Data Engineering/Systems/Jupyter/Administration

From Wikitech

System Overview

We have deprecated anaconda-wmf, and are transitioning into conda-analytics. In the interim, below we discuss how their respective Jupyter installations work.

anaconda-wmf

anaconda-wmf is a custom Debian package of Anaconda that includes additional packages useful for analytics at WMF. anaconda-wmf is installed on all analytics client (AKA stat boxes) and worker nodes. It installs to /usr/lib/anaconda-wmf. See the Analytics/Systems/Anaconda documentation for how this works.

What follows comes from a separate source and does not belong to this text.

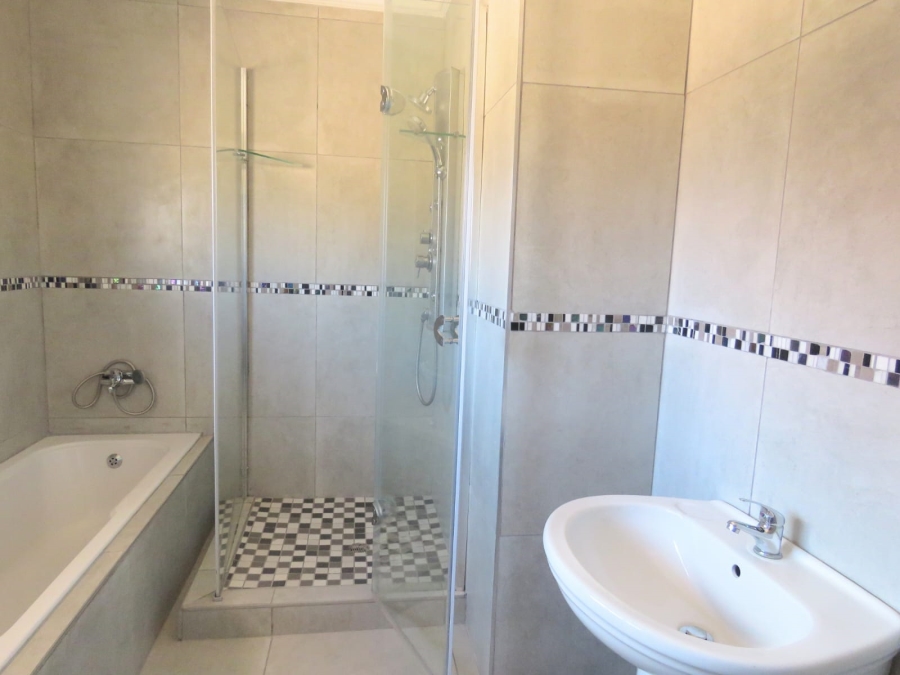 7 Bedroom Property for Sale in Sonneveld Gauteng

anaconda-wmf includes the Python and other packages we need to run JupyterHub. The configuration and setup of JupyterHub is done by Puppet. Users can ssh tunnel to an analytics client node and access JupyterHub over HTTP. JupyterHub is configured to authenticate users via LDAP (and also restricts them to a few POSIX groups). It is also configured to work with anconda-wmf and 'stacked' conda environments via a custom CondaEnvProfilesSpawner which can create and activate new user Conda environments. After authentication, the user is prompted with a list of Conda environments to use. Their Jupyter Notebook Server process is then launched using a SystemdSpawner running the jupyterhub-singleuser command out of the user's Conda environment, e.g. in /home/otto/.conda/envs/2020-12-13T19.40.09_otto/bin/jupyterhub-singleuser.

Note that JupyterHub runs out of /usr/lib/anaconda-wmf, and the user's Jupyter Notebook Server (to which JupyterHub proxies) runs out of the user's selected Conda environment. This means that the user's conda environment is ephemeral and can be discarded at will by the user, or if really needed, by an administrator. We can upgrade anaconda-wmf, and users can install whatever packages they might need into their Conda environments.

conda-analytics

conda-analytics is a custom Debian package of Miniconda that includes additional packages useful for analytics at WMF. conda-analytics is installed on all analytics client (AKA stat boxes) and worker nodes. It installs to /opt/conda-analytics.

conda-analytics includes the Python and other packages we need to run JupyterHub. The configuration and setup of JupyterHub is done by Puppet. Users can ssh tunnel to an analytics client node and access JupyterHub over HTTP. JupyterHub is configured to authenticate users via LDAP (and also restricts them to a few POSIX groups). It is also configured to work with conda-analytics cloned conda environments via a custom CondaEnvProfilesSpawner which can create and activate new user Conda environments. After authentication, the user is prompted with a list of Conda environments to use. Their Jupyter Notebook Server process is then launched using a SystemdSpawner running the jupyterhub-singleuser command out of the user's Conda environment, e.g. in /home/otto/.conda/envs/2020-12-13T19.40.09_otto/bin/jupyterhub-singleuser.

Note that JupyterHub runs out of /opt/conda-analytics, and the user's Jupyter Notebook Server (to which JupyterHub proxies) runs out of the user's selected Conda environment. This means that the user's conda environment is ephemeral and can be discarded at will by the user, or if really needed, by an administrator. We can upgrade conda-analytics, and users can install whatever packages they might need into their Conda environments.